Replay Buffer API#

Note

Ray 2.40 uses RLlib’s new API stack by default. The Ray team has mostly completed transitioning algorithms, example scripts, and documentation to the new code base.

If you’re still using the old API stack, see New API stack migration guide for details on how to migrate.

The following classes don’t take into account the separation of experiences from different policies, multi-agent replay buffers will be explained further below.

Replay Buffer Base Classes#

StorageUnit

Specifies how batches are structured in a ReplayBuffer.

ReplayBuffer

The lowest-level replay buffer interface used by RLlib.

PrioritizedReplayBuffer

This buffer implements Prioritized Experience Replay.

ReservoirReplayBuffer

This buffer implements reservoir sampling.

Public Methods#

sample

Samples num_items items from this buffer.

add

Adds a batch of experiences or other data to this buffer.

get_state

Returns all local state in a dict.

set_state

Restores all local state to the provided state.

Multi Agent Buffers#

The following classes use the above, “single-agent”, buffers as underlying buffers to facilitate splitting up experiences between the different agents’ policies.
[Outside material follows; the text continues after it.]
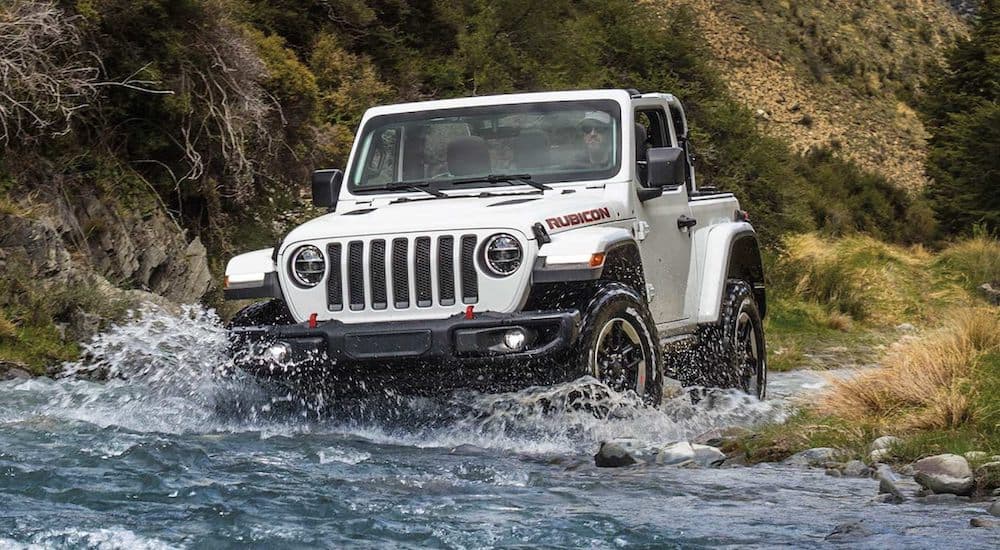 A white 2021 Jeep Wrangler Rubicon is driving through a river.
In multi-agent RL, more than one agent exists in the environment and not all of these agents may utilize the same policy (mapping M agents to N policies, where M <= N). This leads to the need for MultiAgentReplayBuffers that store the experiences of different policies separately.

MultiAgentReplayBuffer

A replay buffer shard for multiagent setups.

MultiAgentPrioritizedReplayBuffer

A prioritized replay buffer shard for multiagent setups.

Utility Methods#

update_priorities_in_replay_buffer

Updates the priorities in a prioritized replay buffer, given training results.

sample_min_n_steps_from_buffer

Samples a minimum of n timesteps from a given replay buffer.